The report, the Commission’s eleventh to the Council, draws on 415 interviews with victims and eyewitnesses in and outside the country, collected between July 2015 and January 2016.
“As their country is reduced to ruins around them, Syrian men, women and children – often the objects of deliberate attack – are fleeing their homes in an uncertain and often perilous search for safe haven,” said Commission Chair Paulo Sérgio Pinheiro.
“We are seeing an overwhelming yet consistent intensification of external military involvement in Syria by all parties, with devastating consequences for civilians and various communities,” he stressed, adding that: “With the intensification of airstrikes, there are few safe places for civilians.”
He also emphasized that “relevant Security Council resolutions remain largely unheeded and unimplemented.”
The report further finds that crimes against humanity continue to be committed by Government forces and by terrorist groups, such as the Islamic State of Iraq and the Levant, or ISIL/Da’esh.

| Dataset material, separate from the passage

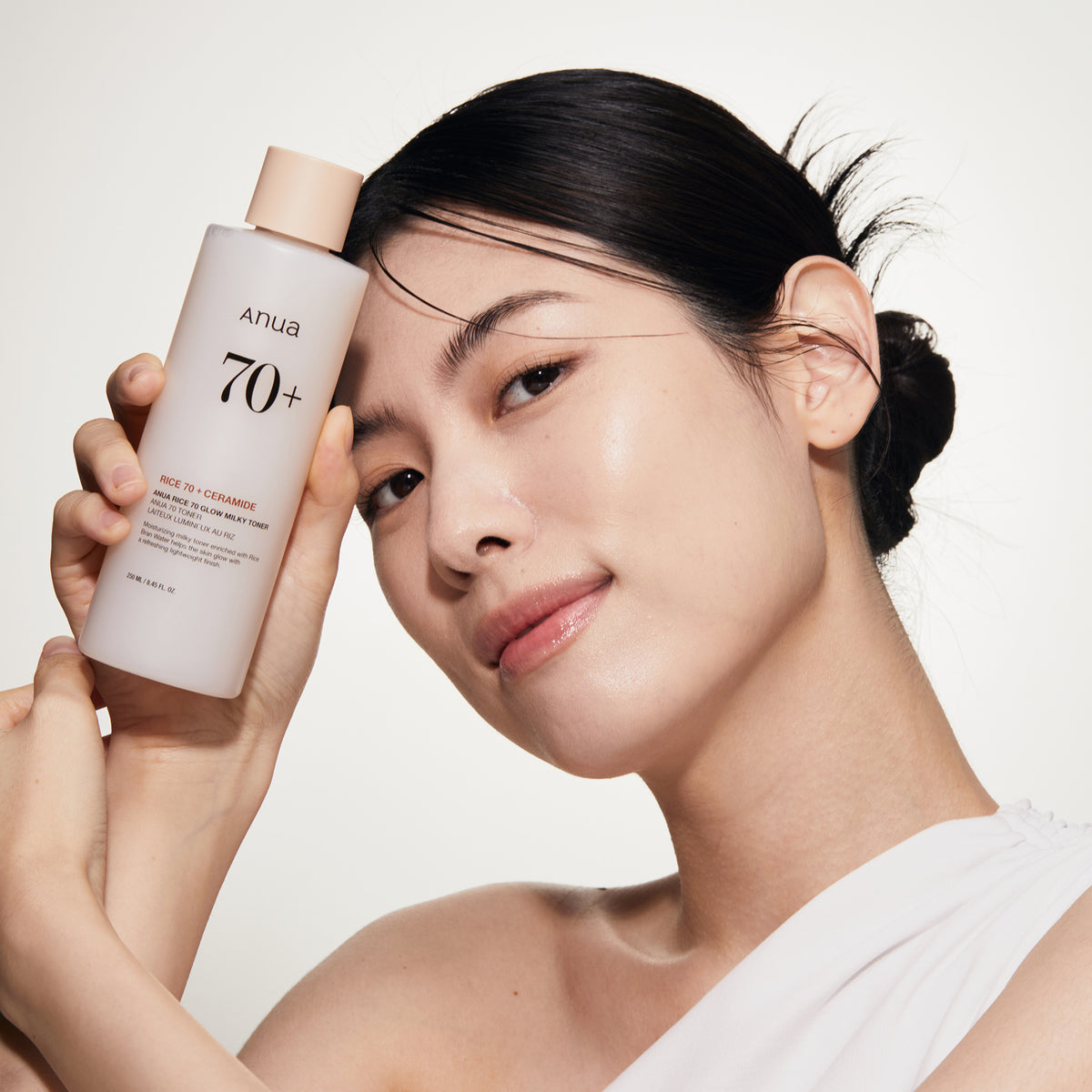 Lächelnde Frau, die vor einem hellen Hintergrund eine Flasche Rice 70 Glow Milky Toner nah an ihr Gesicht hält.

The commission of war crimes by belligerents is rampant.
Aerial bombardments by pro-Government forces of areas not controlled by the Government have caused hundreds of civilian casualties, mass displacements, and destruction of vital civilian infrastructure, the report notes.
All warring parties, including pro-Government forces, anti-Government armed groups, and the terrorist groups, such as ISIL/Da’esh and Jabhat al-Nusra, carry out indiscriminate attacks by firing shells onto civilian-inhabited areas under control of the opposition, the report says.
“The damage wrought on Syria by this war cannot be measured solely by loss of life and the physical destruction of the country,” said Commissioner Vitit Muntarbhorn. “The war has also devastated the nation of Syria, ripping asunder the ties that bind its communities and cultures together.”
The report also finds that cultural heritage sites, which are important to Syria and the world, are also being destroyed and damaged through deliberate and incidental attacks.
The report emphasises the need for concerted and sustained international action to find a political solution to end the violence and to stop the rampancy of war crimes and grave violations of human rights.
“Humanitarian space is shrinking daily, while flagrant violations of human rights and international humanitarian law continue with blatant impunity,” said Commission member Carla Del Ponte. “The call for peace is now more urgent than ever, but momentum must be sustained to ensure an all-inclusive, Syrian-led process.”
Ms. Del Ponte stressed that Security Council resolution 2139 underlined the need to end impunity and reaffirmed the necessity of bringing perpetrators to justice. “Accountability is an essential part of this process,” she said.